A wedding guest list directly reflects the size of your venue, how much money you spend, and the intimacy of your ceremony. Start with a guest list when it comes to wedding planning. However, big families, social butterflies, and overbearing parents cause complications in creating a reasonably sized list. Even a wedding that is intended to be large needs a definite list to keep the structure. Here are the best tips for how to trim your wedding guest list.
How To Trim Your Wedding Guest List
Outline Decision-Makers and Your Limit
The first step to making your guest list is to set parameters. Pick out who is allowed to give their input. Parents want to include those close to them but these people may not have a bond with you. You don’t have to invite them. If your parents are paying for all (or some) of the wedding then they have decision making power. Just make sure to limit the amount of power.
The other important step before starting your list is to set your limit. Having a small budget or not wanting to stress about entertaining too many people leans towards a smaller wedding. A big and actively involved family, however, tends to enjoy a large wedding. Set your maximum number and inform your decision-makers.
Make a Master List with Priority Order
Once you have these two rules set, start making a master list. Include everyone that you want there no matter if it crosses the limit. This is when you ask your others if you choose to include anyone else in this process, their opinion on who should be written down as well.
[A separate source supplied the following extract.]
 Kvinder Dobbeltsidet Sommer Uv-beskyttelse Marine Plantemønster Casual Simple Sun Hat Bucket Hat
After all decision-makers put together your prospective lists, prioritize everyone. Color code the names. Start with a “must-have” section like parents, siblings, and close friends. Move to a “want” section for other friends and family members. Finally, your last section is the “maybe” section. These are the people you originally wrote down but are not invited if you are over your guest limit.
Cut the Obligations
Do not include anyone that you feel obligated to. If you are on the fence about writing someone down, ask yourself why you aren’t sure. Inviting your great-uncle because your mom says so is not a good reason to include him on your list. Not every family member or past friend must attend.
Also, do not feel like you have to include anyone who has invited you to their wedding before. Each couple has a different vision and budget for their wedding. Don’t give up valuable space at your reception to someone who isn’t that important to you.
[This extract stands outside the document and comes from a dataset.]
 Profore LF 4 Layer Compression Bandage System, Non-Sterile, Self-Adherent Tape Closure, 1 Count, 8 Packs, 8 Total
Another really great way to cut down on a guest list is to set rules for your guests as well. Decide if you want to allow children at the reception. Not only does this play a role in how many “extras” a person brings but it also eliminates some couples. Be upfront with your expectations.
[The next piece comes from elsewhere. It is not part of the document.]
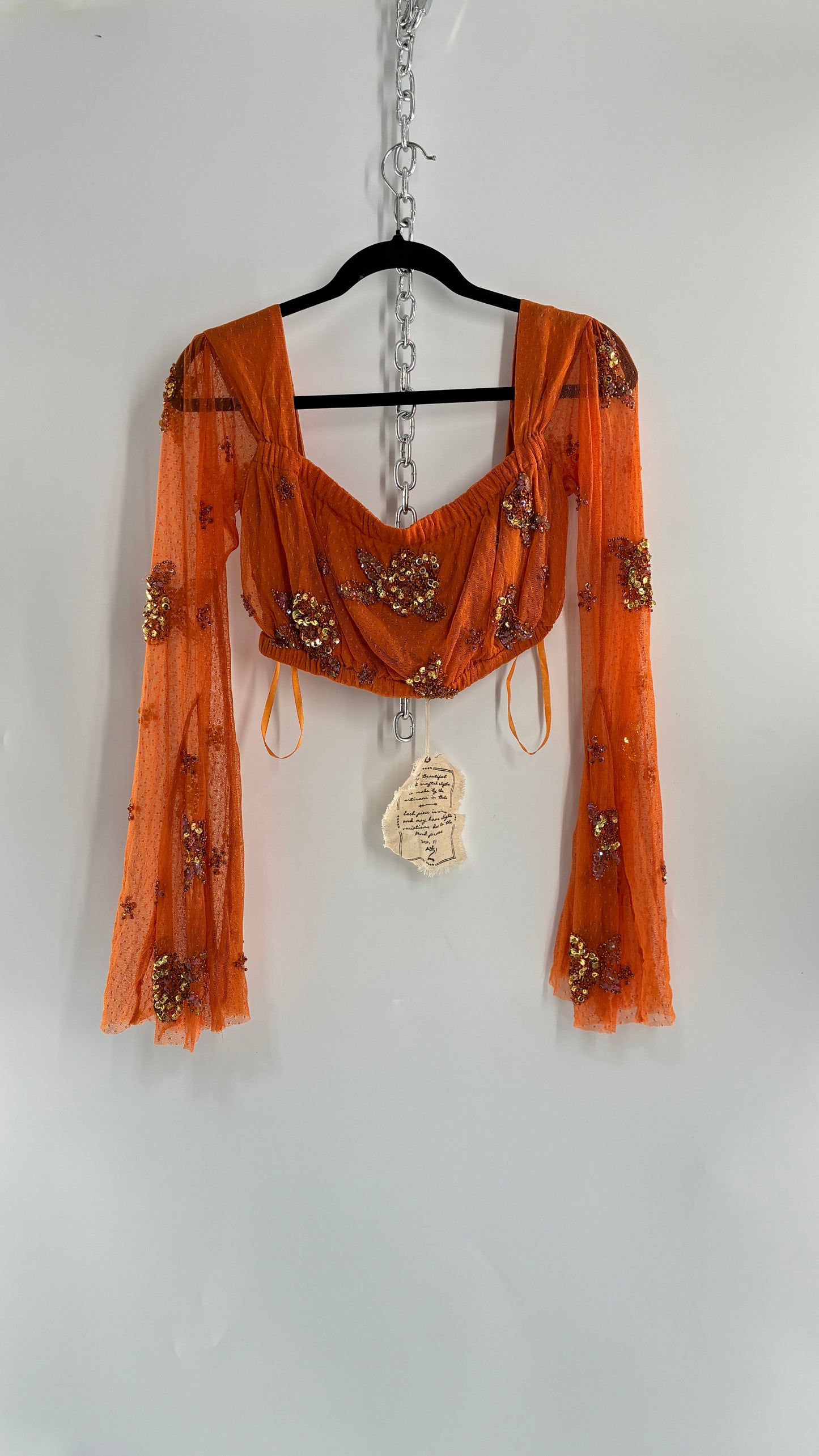 Free People Orange Off the Shoulder Beaded Bell Sleeve with Tags Attached (Medium)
Similarly, choose who has a plus-one. Not every guest needs a plus-one because that is another person you have to pay for that you sometimes don’t even know. Allow friends and family that have a relatively long term partner to bring their plus-one. Otherwise, make it clear that your invite is only for the named guests, no plus-ones.
It is difficult to decide not to invite someone to your wedding, especially family or those who have invited you to their weddings. It is important to be open and honest with everyone. Have no shame in telling someone that you are looking for a smaller or more personal feel but that you would love to celebrate with them another way. With these tips, it is easy to trim down your guest list and stick to your plans to make you and your partner the happiest on your big day.